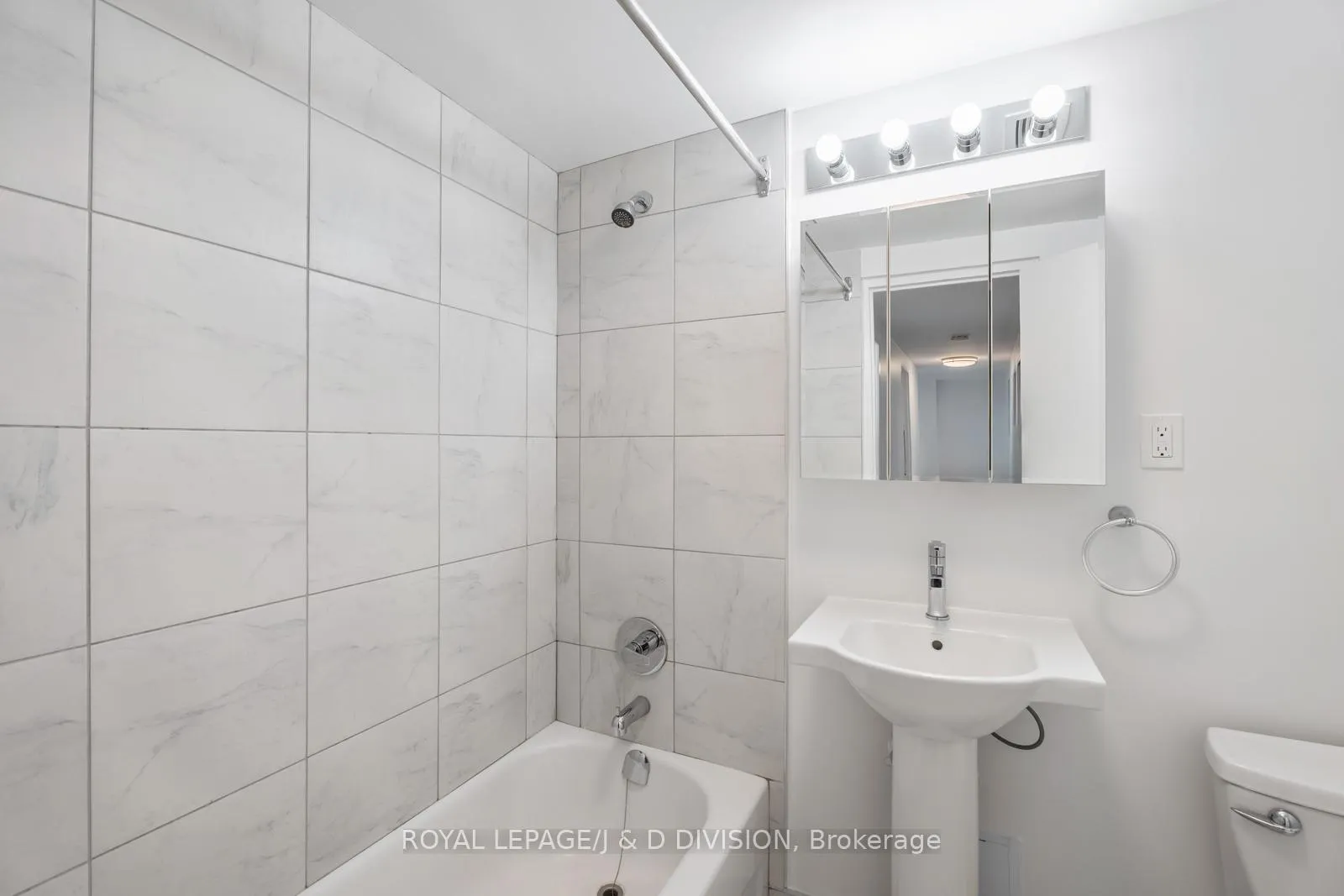 Photo 20 of Unit 1006, 484 Avenue Road, Toronto, Forest Hill South — HOMEH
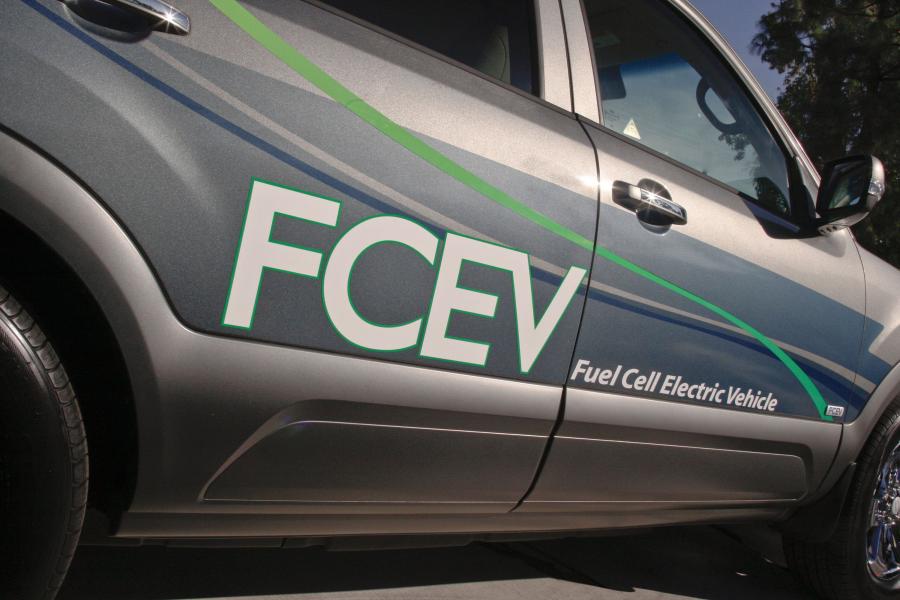  Kia Borrego FCEV 2008 года  (фото 5 из 6)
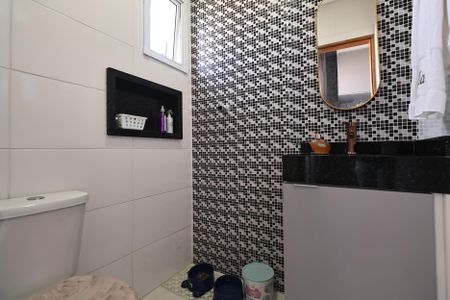 Apartamento à venda com 100m², 2 quartos e 1 vagaBanheiro da Suíte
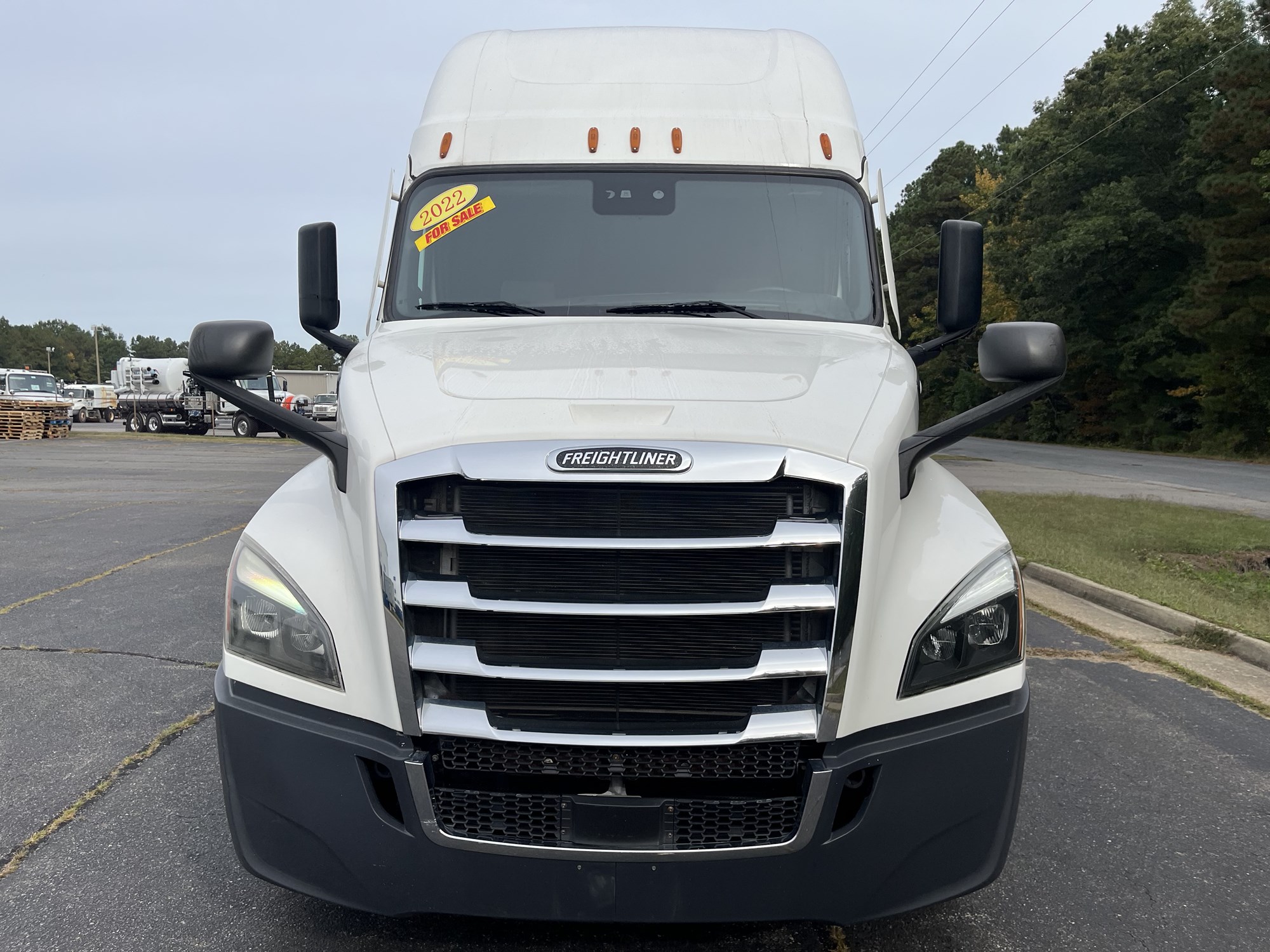 2022 Freightliner Cascadia 2022 Freightliner Cascadia - image 2 of 6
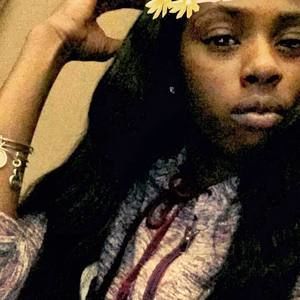 Meet your Posher, Eve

-- -- --

__Your task__. An exact reproduction of the data is required, with pictures excluded.

__Completed task__.
 Photo 20 of Unit 1006, 484 Avenue Road, Toronto, Forest Hill South — HOMEH
  Kia Borrego FCEV 2008 года  (фото 5 из 6)
 Apartamento à venda com 100m², 2 quartos e 1 vagaBanheiro da Suíte
 2022 Freightliner Cascadia 2022 Freightliner Cascadia - image 2 of 6
 Meet your Posher, Eve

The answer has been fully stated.